ある日、アンパンマンのキャラクターを少し覚えてきたころ、焼きおにぎりを手に、ふと、「おむすびまんだよー」と言ってみた。すると「えー?おむすびまんなのー?」と嬉しそうに興味を持って、なんと食べてくれたのだ。その後も、「しょくぱんまんだよ」と言って食パンを、「うな丼まんだよ」と言って、ウナギをあたえると、どちらも食べてくれた。息子の中で、かわいいキャラクターと食べ物が、よい具合に結び付いたのか、食に対する興味が一気に沸いたようだった。

今でも好き嫌いはかなり残っているが、それでも、アンパンマンを見る前と比べて、かなり食べられるものが増えた。アンパンマンには頭が下がる思いだ。

感情面にも変化が

「愛と勇気だけじゃない!」と題に書いたものの、アンパンマンは息子の感情面に与えた影響も大きかった。

アンパンマンのストーリーに、さすらいの旅人、フーセンガムキッドというキャラクターの話がある。フーセンガムキッドがアンパンマンの住んでいる街を訪れ、ふうせんガムを駆使して、クリームパンダやアンパンマンを助け、最後はみんなに見送られて街を去っていく、というストーリーだ。

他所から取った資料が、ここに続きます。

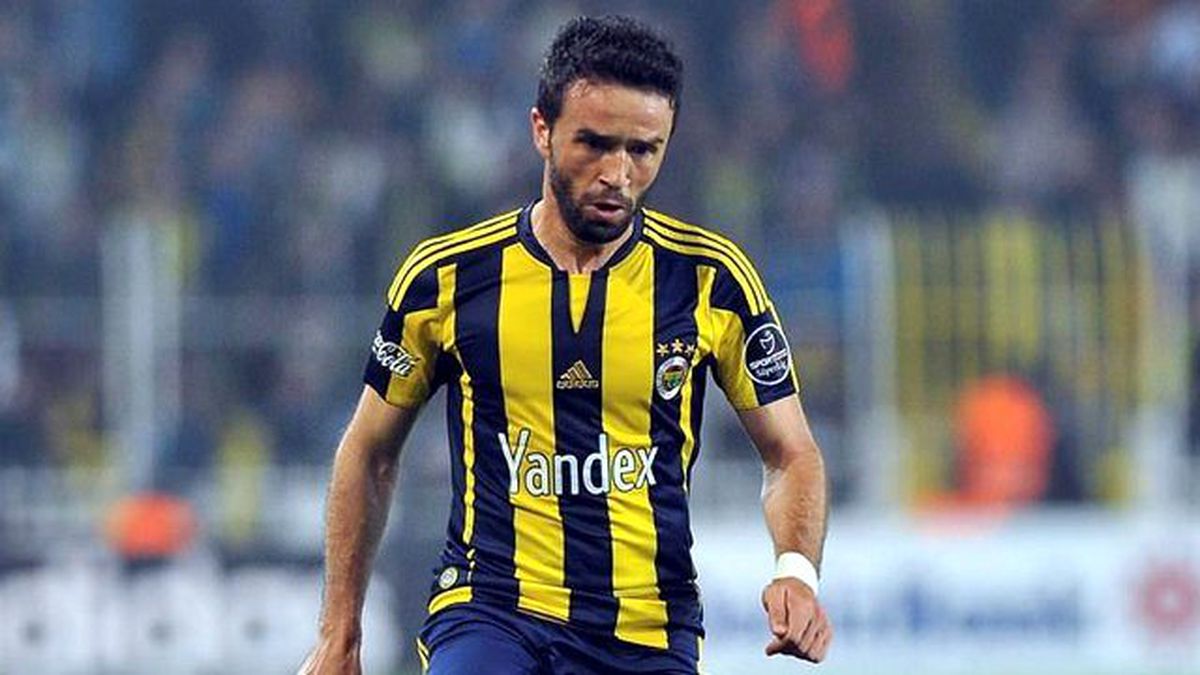 Beşiktaş, Gökhan Gönül'e İmza Attırdı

この別れのシーンを見た息子、なんと、ポロポロと泣き出したのだ。今まで息子が泣くことと言えば、何かを要求するときや、怒るとき、痛いとき。声をあげて泣くことがほとんどだった。声も出さずにポロポロと涙を流す息子は、このとき初めて見た。息子は、"別れ"や"寂しさ"をアンパンマンから学んだようだった。

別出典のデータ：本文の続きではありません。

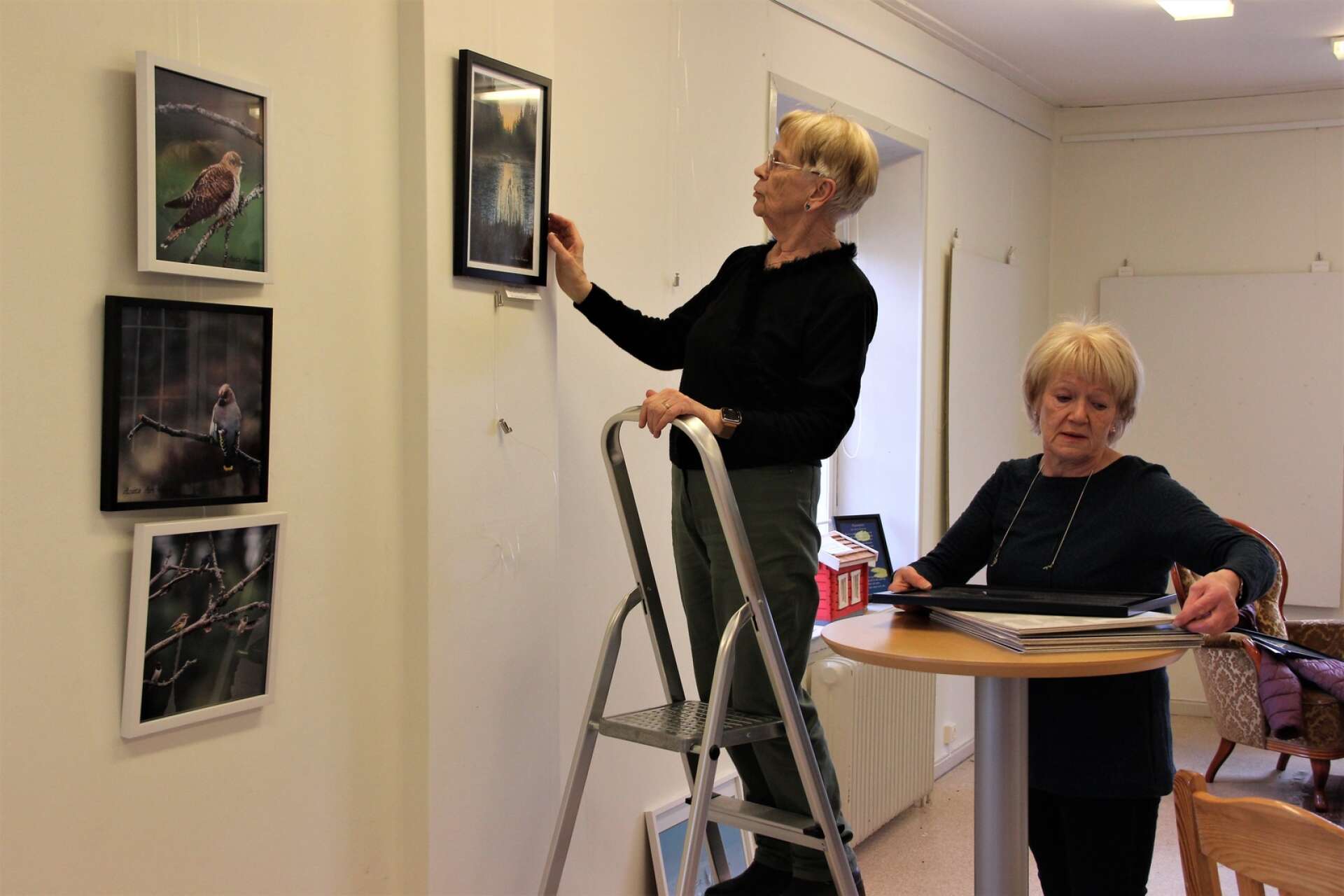 Gun-Britt Finnström och Anita Arvidsson ställer ut sin fotokonst i Smältarbyggningen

フーセンガムキッドはアンパンマンに登場するキャラクターの中では、かなりのサブキャラで、かわいいというより紳士のような、おじさまキャラ。でもそんなおじさまキャラが、息子に教えてくれたことは、とても大きかった。ありがとう、フーセンガムキッド。

メキシコでは見られないけれど、、、

メキシコでは見られないアンパンマン。でもメキシコでも見せたい。ということで、アンパンマンのDVDやシールブック買ってメキシコに戻った。ホラーマンのダンスを踊ったり、メロンパンナちゃんのメロメロパンチを繰り返したり、キャラクターを通して食べ物の名前を覚えるなど、その後もアンパンマンからいろいろと学んでいるようだ。

1話約10分のアンパンマン。その短い話の中で、バイキンマンが悪さをして誰かがやっつけるというお決まりの起承転結があり、毎回異なるキャラクターがでてきて、毎回違うストーリーが語られる。息子のためにといいつつ、私自身も毎回ワクワクして見てしまう。その上、たまに大人の心をくすっと笑わせるようなキャラクターも登場するので、見飽きない。(ちなみに私のお気に入りは、映画007のジェームズボンドに寄せて作られた、ザーマスボンドという接着剤のキャラクターだ。)

アンパンマンのストーリーは、2021年時点で1,500話存在するそうだ。毎日1話見てもすべてを見切るのに4年かかる計算。全話を探し出して見ることは難しいと思うが、息子が成長して飽きてしまうまでは、たくさんのストーリーを一緒に見ていきたいなと思う。



この記事が参加している募集

子どもに教えられたこと

私のイチオシ

この記事が気に入ったらサポートをしてみませんか?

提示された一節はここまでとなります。